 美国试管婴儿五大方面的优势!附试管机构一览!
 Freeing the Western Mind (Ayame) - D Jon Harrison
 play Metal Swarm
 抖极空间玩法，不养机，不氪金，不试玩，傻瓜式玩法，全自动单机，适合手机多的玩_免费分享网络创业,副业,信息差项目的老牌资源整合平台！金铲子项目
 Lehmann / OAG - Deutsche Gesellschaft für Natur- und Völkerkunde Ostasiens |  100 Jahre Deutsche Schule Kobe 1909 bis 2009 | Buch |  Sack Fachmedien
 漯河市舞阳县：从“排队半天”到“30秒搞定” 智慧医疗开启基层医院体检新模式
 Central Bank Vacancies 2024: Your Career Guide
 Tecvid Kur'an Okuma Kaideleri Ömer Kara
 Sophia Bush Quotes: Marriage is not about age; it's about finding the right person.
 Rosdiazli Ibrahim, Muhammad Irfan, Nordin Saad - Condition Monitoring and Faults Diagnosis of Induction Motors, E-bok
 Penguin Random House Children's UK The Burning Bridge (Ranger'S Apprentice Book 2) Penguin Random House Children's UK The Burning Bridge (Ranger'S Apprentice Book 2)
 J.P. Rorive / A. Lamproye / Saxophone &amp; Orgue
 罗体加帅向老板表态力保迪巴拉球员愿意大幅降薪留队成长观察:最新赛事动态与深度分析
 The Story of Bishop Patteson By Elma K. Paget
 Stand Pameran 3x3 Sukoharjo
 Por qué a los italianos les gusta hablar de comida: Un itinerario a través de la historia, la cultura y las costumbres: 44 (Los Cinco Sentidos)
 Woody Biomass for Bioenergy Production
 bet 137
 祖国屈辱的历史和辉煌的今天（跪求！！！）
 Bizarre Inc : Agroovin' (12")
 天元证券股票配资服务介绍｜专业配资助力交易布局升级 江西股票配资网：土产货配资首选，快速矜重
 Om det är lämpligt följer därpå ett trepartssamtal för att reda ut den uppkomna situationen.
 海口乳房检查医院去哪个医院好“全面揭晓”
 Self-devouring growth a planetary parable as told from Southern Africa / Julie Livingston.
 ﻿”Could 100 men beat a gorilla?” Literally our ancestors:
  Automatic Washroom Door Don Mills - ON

· · · · ·

Work item:
The lines above should be duplicated exactly.

Written response:
 美国试管婴儿五大方面的优势!附试管机构一览!
 Freeing the Western Mind (Ayame) - D Jon Harrison
 play Metal Swarm
 抖极空间玩法，不养机，不氪金，不试玩，傻瓜式玩法，全自动单机，适合手机多的玩_免费分享网络创业,副业,信息差项目的老牌资源整合平台！金铲子项目
 Lehmann / OAG - Deutsche Gesellschaft für Natur- und Völkerkunde Ostasiens |  100 Jahre Deutsche Schule Kobe 1909 bis 2009 | Buch |  Sack Fachmedien
 漯河市舞阳县：从“排队半天”到“30秒搞定” 智慧医疗开启基层医院体检新模式
 Central Bank Vacancies 2024: Your Career Guide
 Tecvid Kur'an Okuma Kaideleri Ömer Kara
 Sophia Bush Quotes: Marriage is not about age; it's about finding the right person.
 Rosdiazli Ibrahim, Muhammad Irfan, Nordin Saad - Condition Monitoring and Faults Diagnosis of Induction Motors, E-bok
 Penguin Random House Children's UK The Burning Bridge (Ranger'S Apprentice Book 2) Penguin Random House Children's UK The Burning Bridge (Ranger'S Apprentice Book 2)
 J.P. Rorive / A. Lamproye / Saxophone &amp; Orgue
 罗体加帅向老板表态力保迪巴拉球员愿意大幅降薪留队成长观察:最新赛事动态与深度分析
 The Story of Bishop Patteson By Elma K. Paget
 Stand Pameran 3x3 Sukoharjo
 Por qué a los italianos les gusta hablar de comida: Un itinerario a través de la historia, la cultura y las costumbres: 44 (Los Cinco Sentidos)
 Woody Biomass for Bioenergy Production
 bet 137
 祖国屈辱的历史和辉煌的今天（跪求！！！）
 Bizarre Inc : Agroovin' (12")
 天元证券股票配资服务介绍｜专业配资助力交易布局升级 江西股票配资网：土产货配资首选，快速矜重
 Om det är lämpligt följer därpå ett trepartssamtal för att reda ut den uppkomna situationen.
 海口乳房检查医院去哪个医院好“全面揭晓”
 Self-devouring growth a planetary parable as told from Southern Africa / Julie Livingston.
 ﻿”Could 100 men beat a gorilla?” Literally our ancestors:
  Automatic Washroom Door Don Mills - ON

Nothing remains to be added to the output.